Tuvo que agacharse, sujetando su fez, y encoger sus anchos hombros para poder atravesar el estrecho umbral. El vehículo se meció ligeramente al entrar y se zarandeó de nuevo cuando Onsi le siguió, al menos quince centímetros más bajo que él, pero tan robusto como para pesar casi lo mismo. El interior no era exactamente oscuro, sino más bien sombrío. Las lámparas del techo estaban encendidas y los filamentos alquímicos parpadeaban, haciendo relucir los botones plateados que recorrían las chaquetas de ambos hombres. Las cortinas de terciopelo carmesí de las ventanas estaban recogidas y permitían que entrara algo de luz solar. Pero, aun así, el lugar tenía un aspecto tenebroso, que hacía que los cojines color burdeos de los asientos atornillados a ambos lados del pasillo parecieran tan negros como sus uniformes. El aire también era diferente, más espeso y fresco que el seco calor cairota; se le incrustaba en las fosas nasales y le oprimía el pecho. No cabía duda de que había algo peculiar en el tranvía 015.
—¿Cuál es el procedimiento, agente Onsi? —preguntó.
Si el Ministerio iba a hacerle cargar con novatos, lo mínimo que podía hacer era comprobar que estuvieran correctamente preparados. El joven, que había estado observando a su alrededor con interés, se animó ante la pregunta.
—Debemos asegurarnos de que el área es segura y de que no hay ningún civil en peligro, señor.
—Estamos en un vagón de tranvía vacío, agente Onsi —respondió Hamed—. Y ya te he dicho que dejes de llamarme «señor». Has aprobado los exámenes de la academia, así que eres un agente igual que yo. Esto no es Oxford.

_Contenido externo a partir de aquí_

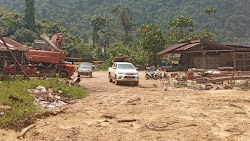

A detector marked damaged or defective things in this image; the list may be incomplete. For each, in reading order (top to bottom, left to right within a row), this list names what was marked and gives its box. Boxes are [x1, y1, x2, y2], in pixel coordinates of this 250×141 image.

rusty metal structure [157, 39, 250, 71]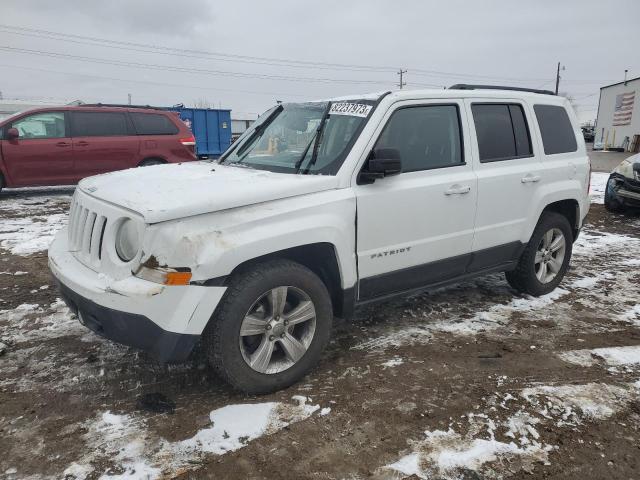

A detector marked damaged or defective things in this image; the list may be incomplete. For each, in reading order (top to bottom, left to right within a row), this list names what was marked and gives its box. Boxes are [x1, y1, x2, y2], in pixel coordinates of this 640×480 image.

damaged front bumper [47, 227, 225, 362]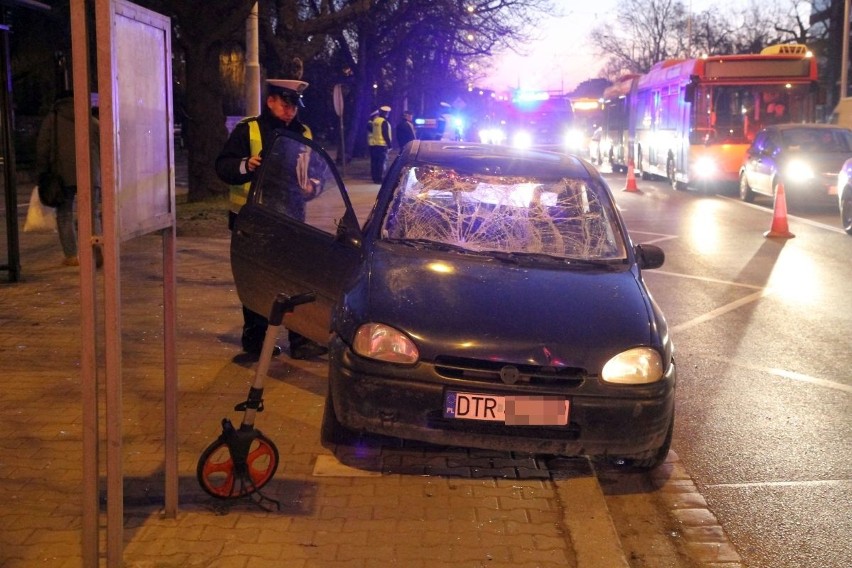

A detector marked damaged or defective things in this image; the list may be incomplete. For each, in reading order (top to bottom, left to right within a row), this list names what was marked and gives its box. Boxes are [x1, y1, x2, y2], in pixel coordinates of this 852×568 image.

shattered windshield [380, 164, 624, 262]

—Es cierto, señor. Perdón, señor. —Sacudió la cabeza como si tratara de despejarla de toda una vida de educación inglesa, que se filtraba en su árabe dándole un acento extranjero—. Quiero decir, agente Hamed. El procedimiento del Ministerio dice que, teniendo en cuenta lo que nos han contado, deberíamos llevar a cabo un examen del área en busca de espectros.
Hamed asintió. Bien preparado, después de todo. Metió la mano en su chaqueta para sacar el pequeño estuche de cuero donde guardaba sus gafas espectrales. Los instrumentos, revestidos de cobre, eran el modelo estándar del Ministerio. Se usaban igual que unas gafas normales, pero las redondísimas lentes verdes eran mucho más amplias de lo habitual. Onsi se había quitado las suyas para ponerse las espectrales. La agudeza visual no tenía mucha importancia cuando se trataba del mundo de los espectros, que se presentaba igual para todos, envuelto en una neblina de un luminoso verde jade, asombrosamente brillante. El brocado de flores de los asientos tapizados se veía en detalle, así como la caligrafía dorada que recorría los negros cristales de las ventanas. Pero lo que más llamaba la atención era el techo. Estirando el cuello para mirar hacia arriba, Hamed no pudo culpar a Onsi al escuchar su abrupta inspiración.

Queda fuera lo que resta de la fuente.